President Donald Trump stepped out of the White House on Wednesday, and once again into the controversy surrounding his Supreme Court pick, Brett Kavanaugh. Trump still stands by his man — for the third day in a row he he sang his praises — but he also said explicitly that he'd like to hear from the judge's accuser. Trump wants to see what Christine Ford has to say about Kavanaugh.
The judge's confirmation process timeline remains unclear as the Senate Judiciary Committee and Kavanaugh's accuser, Christine Ford, work out under what terms she will testify. She wants an FBI investigation into her allegations of assault (which Kavanaugh denies). Committee Chair Sen. Chuck Grassley (R-Iowa) and the Republicans would rather skip that.
Trump was on his way to North Carolina to survey the response to Hurricane Florence when he stopped to take some questions from reporters. Asked about Kavanaugh, he mostly spoke positively about the candidate — often calling him "Justice Kavanaugh." But the president also said he wants to hear from Ford. "I really want to see her," Trump told reporters over the roar of helicopter engines. "I really would want to see what she has to say."

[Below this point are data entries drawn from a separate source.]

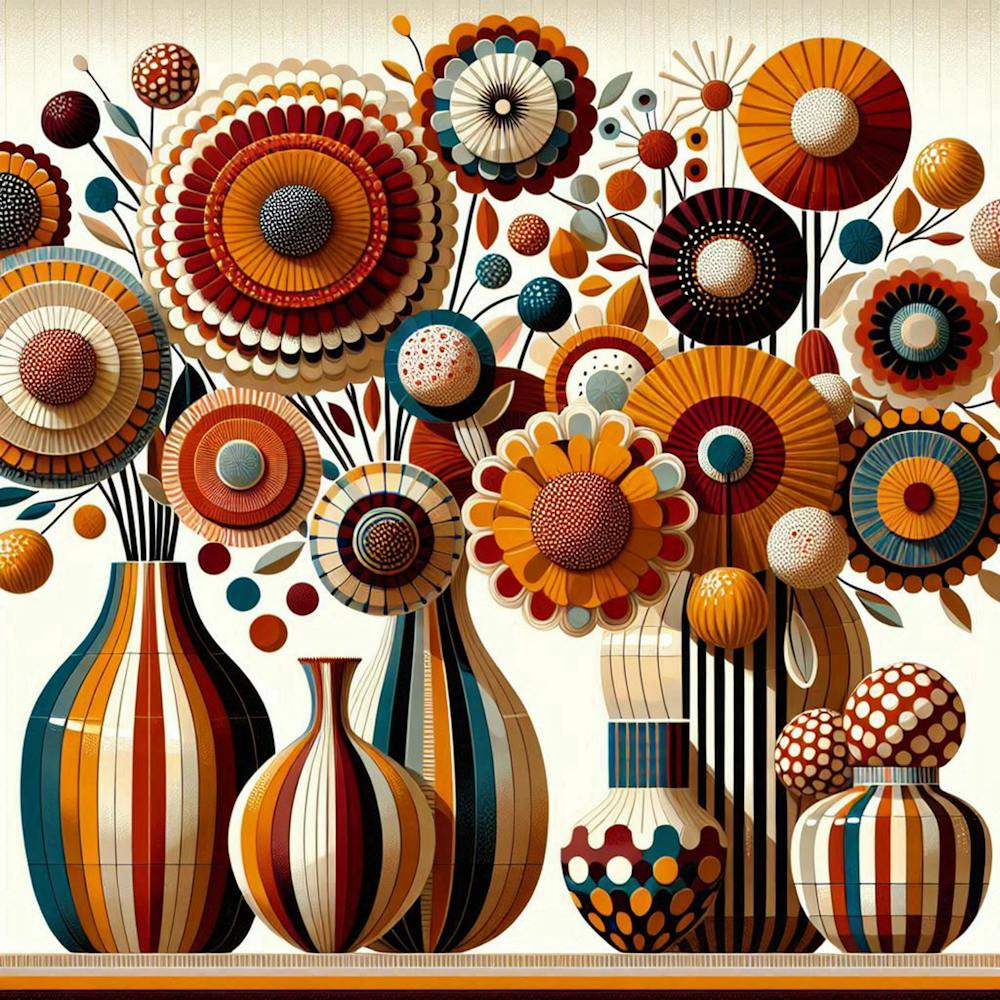 Warm Dotty Flowers In A Vase 5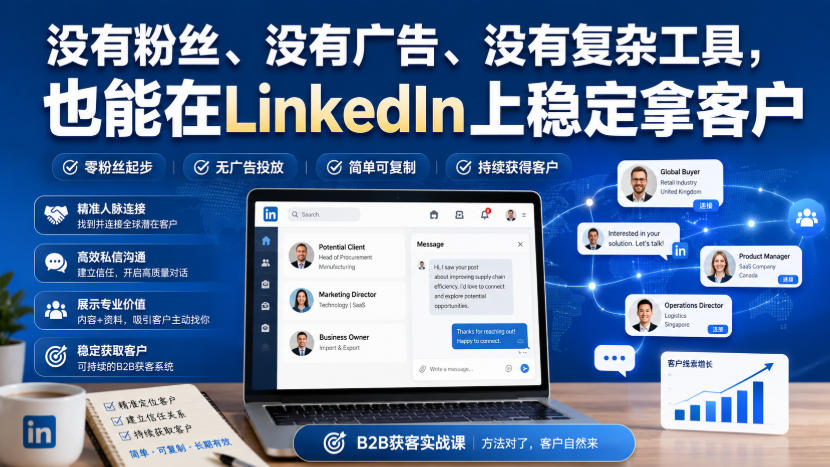 没有粉丝、没有广告、没有复杂工具，也能在LinkedIn上稳定拿客户【原创双语字幕】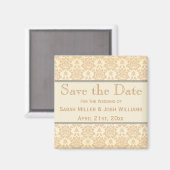 Cream Damask Bewaar de Date Magnet (Voorkant / Achterkant)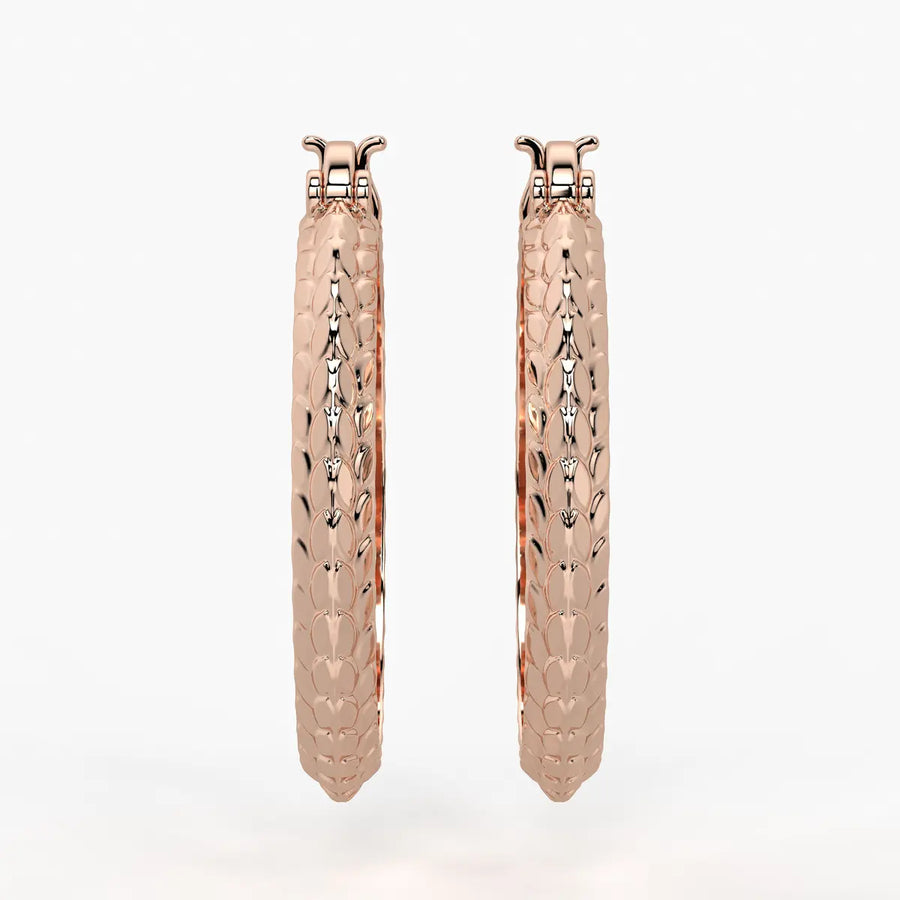 Scale Texture Hoop Earrings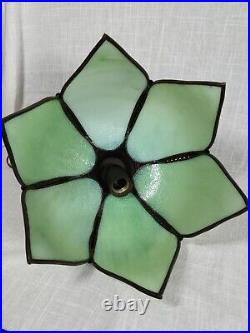 Magnifique lustre lampe suspension tulipe en verre scorie vert style Art nouveau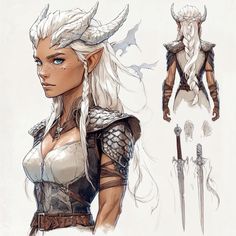 a drawing of a woman with white hair and horns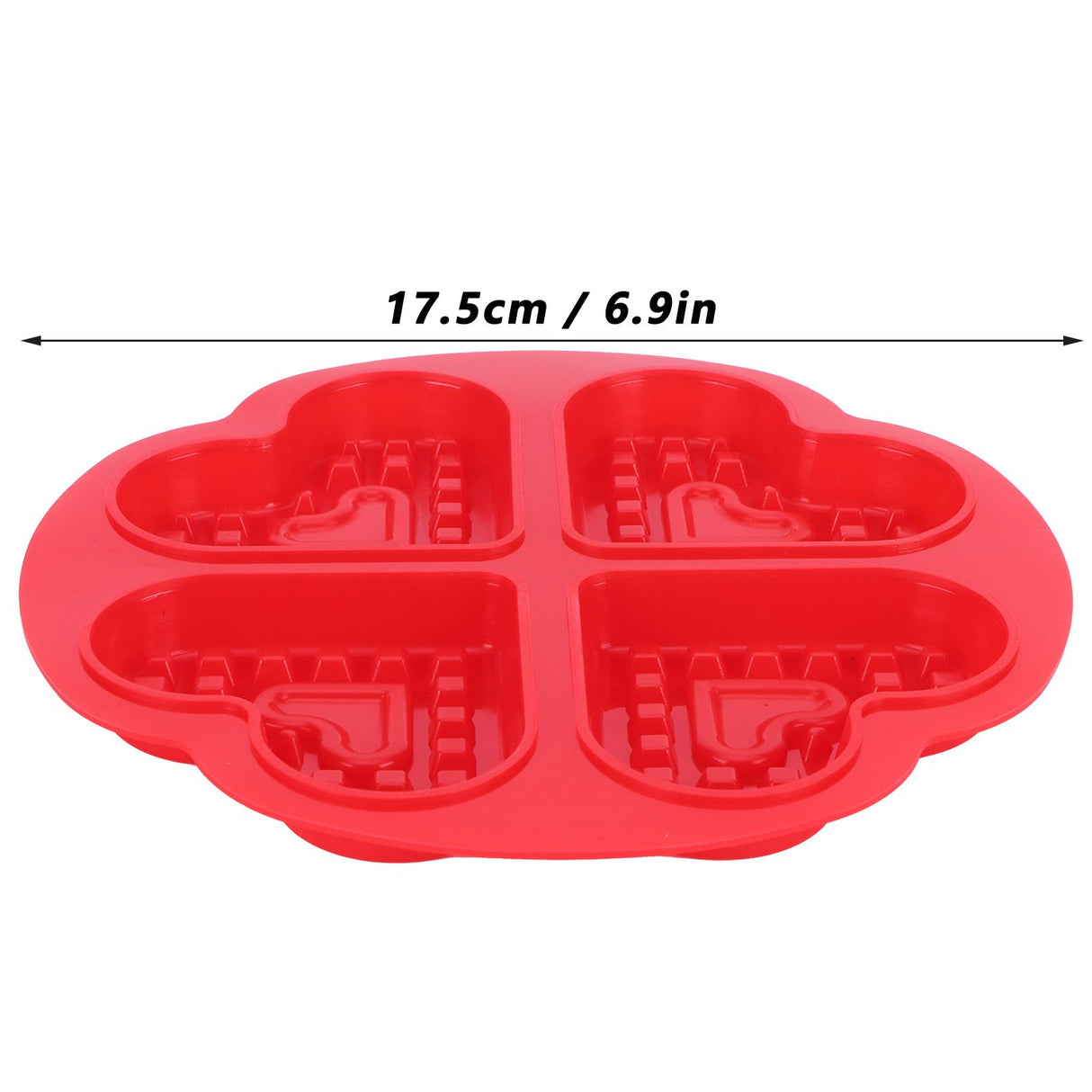 DIY Waffle Mold Reusable Silicone Muffin Cake Mould Baking Utensil Kitchen Accessory(4Grid HeartShape )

Trump also left open the door to her testimony changing the course of the confirmation hearings. "Look, if she shows up and makes a credible showing, that will be very interesting and we’ll have to make a decision. But I can only say this: he’s such an outstanding man — very hard for me to imagine that anything happened," Trump said.
But he'd still rather hear from Ford. "If she shows up, that would be wonderful. If she doesn’t show up, that would be unfortunate,” Trump added.
As for the requested FBI investigation, Trump said, "It seems that the FBI really doesn't do that." In 1991, when Anita Hill came forward to accuse Clarence Thomas of sexual harassment (which he denied), the Senate Judiciary Committee informed the White House and President George H.W. Bush requested an FBI investigation (which took just three days).
A reporter responded to Trump saying that the FBI would investigate if Trump asked them, and asked if he would do so. "Well, I would let the senators take their course, let the senators do what..." Trump said, trailing off. "They're doing a very good job. They've given a tremendous amount of time, they've already postponed a major hearing."
Whether or not an investigation is called for, Grassley is pushing to move ahead and accused Sen. Dianne Feinstein (D-California) of trying to delay the confirmation by requesting the investigation only now when she first received a letter in July from Ford (Feinstein says she was keeping it confidential). "A simple answer to that would be why didn’t Dianne Feinstein send the request to the FBI on July the 30th instead of now?" Grassley said Wednesday.
Trump also pushed for the confirmation hearing to move on to make things easier on Kavanaugh and his family in his comments to reporters. "I think he’s an extraordinary man," Trump said of the judge. "I think he’s a man of great intellect, as I’ve been telling you, and he had this unblemished record. This is a very tough thing for him and his family. And we want to get it over with."
Grassley has said he will push for Ford to testify through this Friday.